Welcome to Edendale Grove!
The garden offers a quiet, nurturing space that also feeds this community. We want to provide space for learning, gardening, reflecting and serving the community of Echo Park and beyond. Beyond special events, helping in the garden, and simply enjoying the garden, written instructions will be available on site for walking the labyrinth. This ancient spiritual practice has been used for centuries by people of different faiths to ground them spiritually. The Edendale Labyrinth offers the opportunity to reflect inwardly while at the same time participating in faithful action to feed the hungry by helping nurture the vegetable and herb garden.
New Echo Park parish garden to nourish body and soul
ECHO PARK -- An empty lot next to the Cathedral Center of St. Paul has been turned into a parish garden that will supply fresh produce to local families as well provide the essential ingredients to create sacramental oil and bread .
On Saturday, the feast day of St. Athanasius, the garden, known as Edendale Grove, was dedicated after volunteers and members of the Episcopal church created a “living labyrinth,” a maze-like, prayer path planted with lettuce, strawberries, tomatoes, herbs, peppers and other edibles, said Rev.

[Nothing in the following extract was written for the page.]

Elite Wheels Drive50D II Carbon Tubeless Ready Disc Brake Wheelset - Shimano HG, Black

Lorenzo Lebrija. Citrus, fig, avocado, and plum trees were also planted under the church’s Seeds of Hope program, which has been turning church properties into urban farms.
Those who tend the garden are invited to “meditate on being mindful, prayerful, and helpful,” said Tim Alderson, Seeds of Hope executive director, during remarks at the garden dedication. “Here we can follow an intentional prayerful practice, aware of every plant along the path. The garden is fully a place of prayer, and of putting prayer into action by serving others.”

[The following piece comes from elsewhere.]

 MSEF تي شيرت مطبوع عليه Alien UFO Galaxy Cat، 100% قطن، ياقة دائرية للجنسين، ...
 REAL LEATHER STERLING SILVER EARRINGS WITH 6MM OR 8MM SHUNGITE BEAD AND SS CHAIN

The garden, located on Echo Park Avenue across from the Echo Park Lake, occupies a parcel that has been empty since an apartment building was demolished several years ago. At one point a sign was hung on the fence announcing the arrival of a dog park on the empty lot. But that sign turned out to be a prank. Now, the lot will serve as a demonstration site for best practices in urban farming and water conservation.
Produce grown will be distributed through the parish’s food bank, which serves some 300 qualifying families and persons on Thursday and Friday mornings. In addition to growing food for families, the garden will also be planted with olives trees and wheat to produce sacramental oil and bread.

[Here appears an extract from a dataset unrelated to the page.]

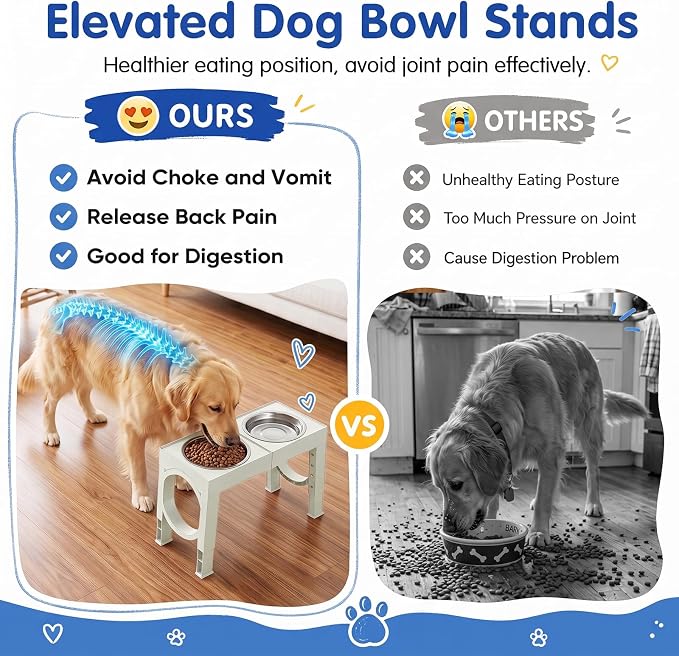 Elevated Dog Bowls Adjustable Raised Dog Bowl Stand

Edendale Grove, once established, will offer occasional small-group tours and training sessions, Lebrija said. At present, garden access is limited to workers in order to protect the new plants and trees as they take root. The garden is tended by parishioners who volunteer in partnership with Seeds of Hope, which is based next door at the Cathedral Center.
The name Edendale Grove was inspired by the by the biblical story of the Garden of Eden but also honors the community of Edendale, where silent films were produced along the border of modern day Echo Park and Silver Lake.